By Emmanuel A.S. Egbunu
20 March 2022   |   4:01 am
The season of Lent, which we are in, constrains us to take the slower pace, to listen, to ponder, to be intentional, to look inwards, to watch our ways and to make necessary amends.

Egbunu

The season of Lent, which we are in, constrains us to take the slower pace, to listen, to ponder, to be intentional, to look inwards, to watch our ways and to make necessary amends. It does not come with the excitement of going for a holiday or picnic. No, it is rather like the preparation for a retreat, where one would open the heart to the light of God for that divine illumination that exposes the things that rob us of Heaven’s commendation and, indeed, bring a frown instead. What a privilege to have such opportunity for redress. And how we all  — frail children of dust — who are as feeble as frail, need it!
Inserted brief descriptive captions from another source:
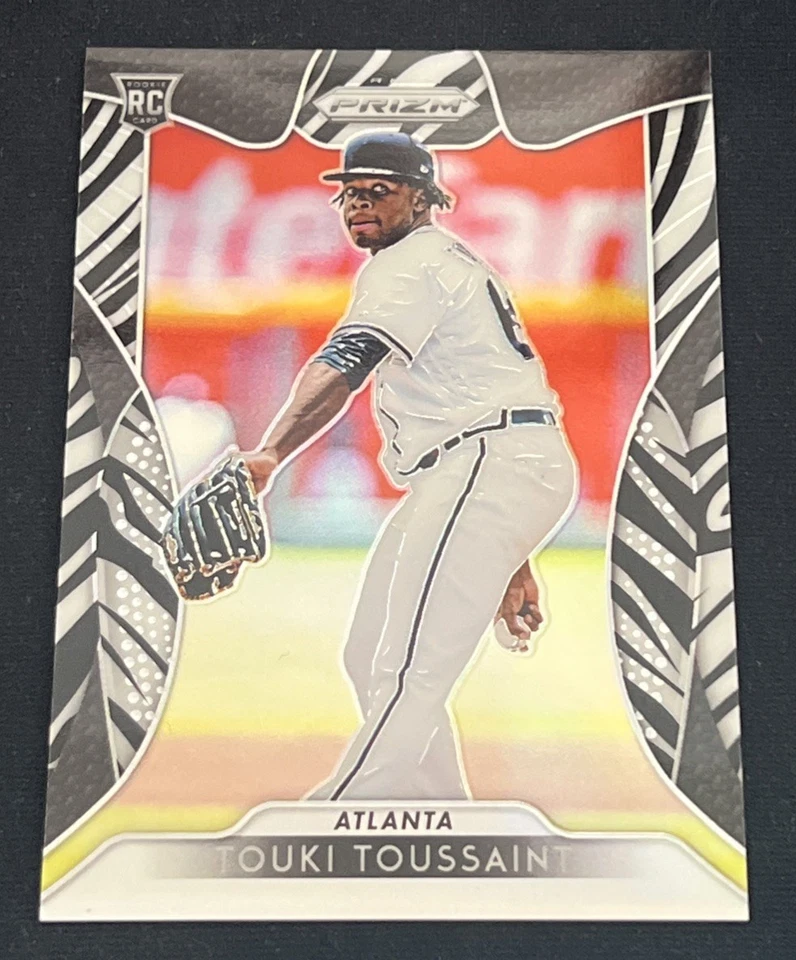 2019 Panini Prizm Tier II Zebra Prizm /99 Touki Toussaint #121 Rookie RC Braves - Image 1 of 2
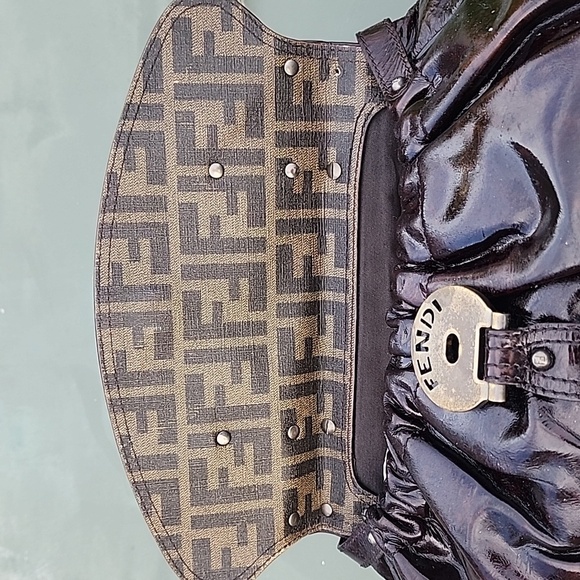 AUTHENTIC RARE FENDI Patent Leather Magic Burgundy Brown Bag - Picture 13 of 16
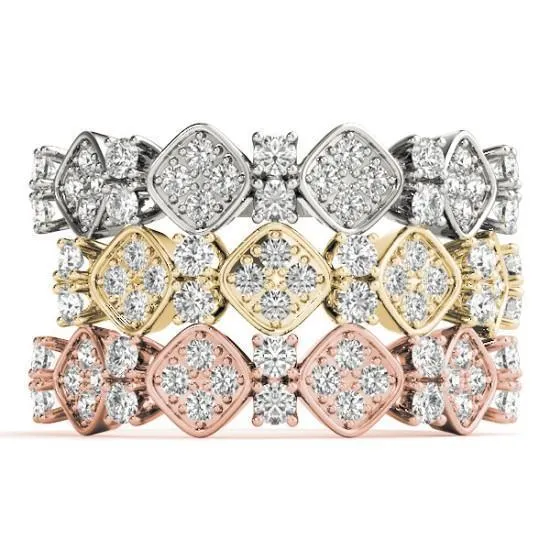 Stackables 1/2 Eternity Tri-Tone Gold Spades 3-Band Set Selectables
Lent comes as a time to refocus on life’s priorities and purpose through self-evaluation and self-discipline. The Lord Jesus fasted at the start of His public ministry to focus on His reason for coming to earth and to fulfill it without distraction. We follow His steps.

This week, we focus attention on a common, yet dangerous attitude that can be costly if not checked: presumption. Presumption in the Christian life is that attitude that makes us set aside the practice of paying diligent attention to God’s standards, and instead, set our own standards as the rule to live by. It is setting up our own scoreboard or score-sheet, and proclaiming liberty for ourselves on the basis of our own parameters. With that done, every other thing is viewed as fanaticism, regardless of how God feels. That way the standard followed by the Lord Jesus and His apostles when they cited: “It is written” or “What does the Scripture say?” is replaced with the age-old ruse, “Did God really (actually or indeed) say?” (Gen. 3:1).

This query of divine injunction is always the gateway to a spiritual crash. Those who do not recognise that this is a holy ground are on dangerous ground.

Presumption makes us feel at ease when all is not well; presumption makes us pamper what we should be ruthless with; presumption makes us believe poison is not so bad after all; presumption commends lethargy in our devotion to God, which demands reverence. It is the bane of true Christian discipleship that it seeks to set standards for God to endorse. When people who have been raised on sound biblical principles suddenly begin to query their sure foundations in the name of sophistication, before long they will become a ghost of what God wants them to be. Lives that could make great impact for God become wasted in the playgrounds of Satan.

A starting point for dealing with this subtle snare is to ask ourselves during this holy season some critical questions: who is this God who I believe in? Am I worshipping a god of my imagination or the God in the Bible Who made the universe? Prophet Hosea speaks to our hearts: Let us know; let us press on to know the Lord; his going out is sure as the dawn; he will come to us as the showers, as the spring rains that water the earth” (Hosea 6:3)

Lent is a time to bring our convictions under the scrutiny of God’s Word and Spirit, knowing that, “There is a way that seems right to a man, but its end is the way to death” (Proverbs 16:25). We must examine ourselves to see if we need to move away from our presumptions about who/what we love or hate.

• The Most Rev. Emmanuel Egbunu is the Bishop of the Diocese of Lokoja.